Exercise instructions
Only the text should come through, so restate the listing exactly and drop its images.

Input for this task
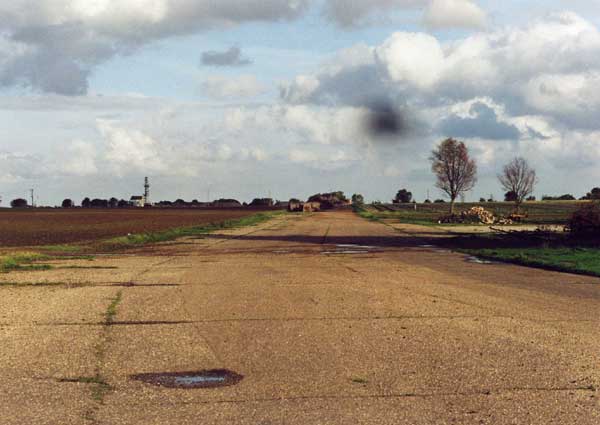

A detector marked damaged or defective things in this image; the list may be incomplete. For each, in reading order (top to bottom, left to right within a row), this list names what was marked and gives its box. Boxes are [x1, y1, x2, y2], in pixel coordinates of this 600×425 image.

cracked concrete surface [1, 210, 600, 422]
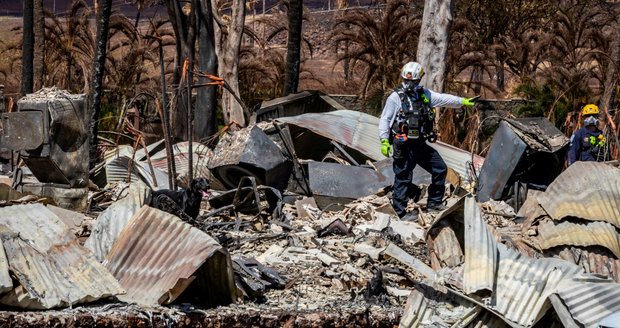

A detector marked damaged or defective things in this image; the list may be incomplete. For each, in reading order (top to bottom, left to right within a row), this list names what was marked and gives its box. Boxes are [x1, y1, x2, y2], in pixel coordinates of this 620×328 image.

warped sheet metal [276, 111, 484, 182]
rusted metal roofing [276, 111, 484, 182]
warped sheet metal [0, 204, 124, 308]
rusted metal roofing [0, 204, 124, 308]
warped sheet metal [84, 182, 151, 262]
rusted metal roofing [84, 182, 151, 262]
warped sheet metal [103, 206, 236, 306]
rusted metal roofing [103, 206, 236, 306]
warped sheet metal [462, 196, 496, 294]
rusted metal roofing [462, 196, 496, 294]
rusted metal roofing [532, 219, 620, 258]
warped sheet metal [532, 220, 620, 258]
warped sheet metal [536, 162, 620, 228]
rusted metal roofing [536, 162, 620, 228]
warped sheet metal [556, 276, 620, 326]
rusted metal roofing [556, 276, 620, 326]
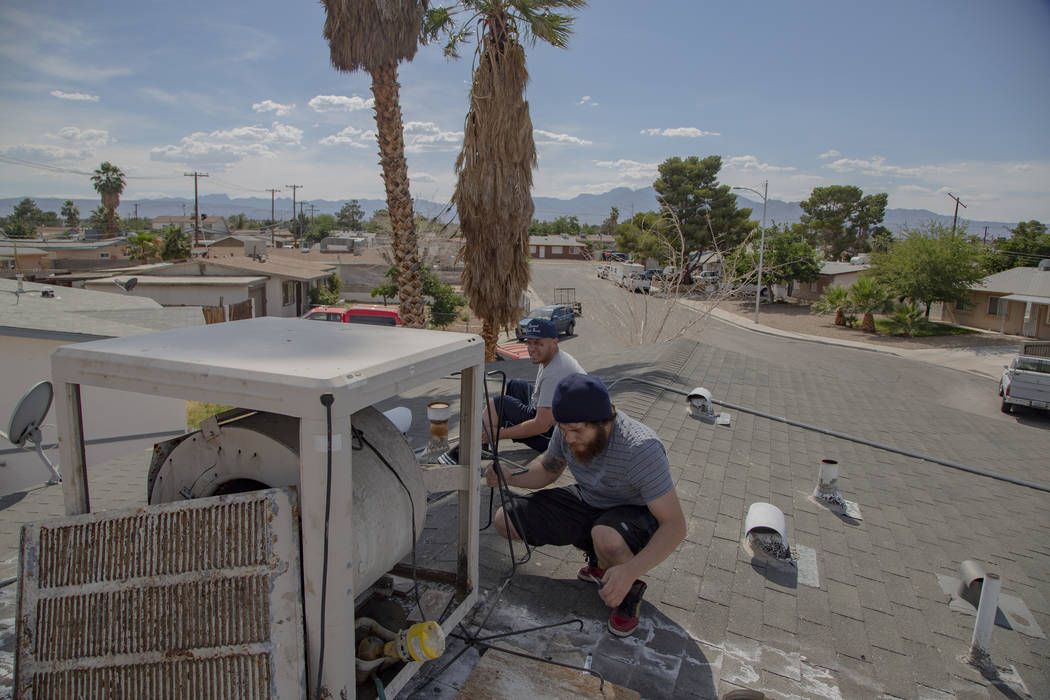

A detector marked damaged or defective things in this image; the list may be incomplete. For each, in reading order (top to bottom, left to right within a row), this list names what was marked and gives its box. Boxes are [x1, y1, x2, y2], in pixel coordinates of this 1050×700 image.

rusty evaporative cooler [16, 318, 484, 700]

Answer for the task
A detector marked damaged or defective things in this image; the list may be incomplete. For each, in reading order (top to bottom, left to right within a row), this list names what was marked and gives its box. Boxes are [x1, y1, x2, y2], in pixel coordinates of this 600×425 image.

cracked concrete surface [1, 210, 600, 422]

A detector marked damaged or defective things in this image; the list may be incomplete. For each, in reading order (top to bottom, left to right within a row), this list names what was marked and gives its box. Boxes are [x1, y1, x2, y2], in pixel coordinates of this 620×328 image.

warped sheet metal [276, 111, 484, 182]
rusted metal roofing [276, 111, 484, 182]
warped sheet metal [0, 204, 124, 308]
rusted metal roofing [0, 204, 124, 308]
warped sheet metal [84, 182, 151, 262]
rusted metal roofing [84, 182, 151, 262]
warped sheet metal [103, 206, 236, 306]
rusted metal roofing [103, 206, 236, 306]
warped sheet metal [462, 196, 496, 294]
rusted metal roofing [462, 196, 496, 294]
rusted metal roofing [532, 219, 620, 258]
warped sheet metal [532, 220, 620, 258]
warped sheet metal [536, 162, 620, 228]
rusted metal roofing [536, 162, 620, 228]
warped sheet metal [556, 276, 620, 326]
rusted metal roofing [556, 276, 620, 326]

A detector marked damaged or defective things in this image; the list may be incomplete. For each, in reading order (top to bottom, left to right within a row), this list names what was marked and gives its box. Boxes are [x1, y1, x2, y2], in pixel coordinates of this 1050×700 image.

rusty evaporative cooler [16, 318, 484, 700]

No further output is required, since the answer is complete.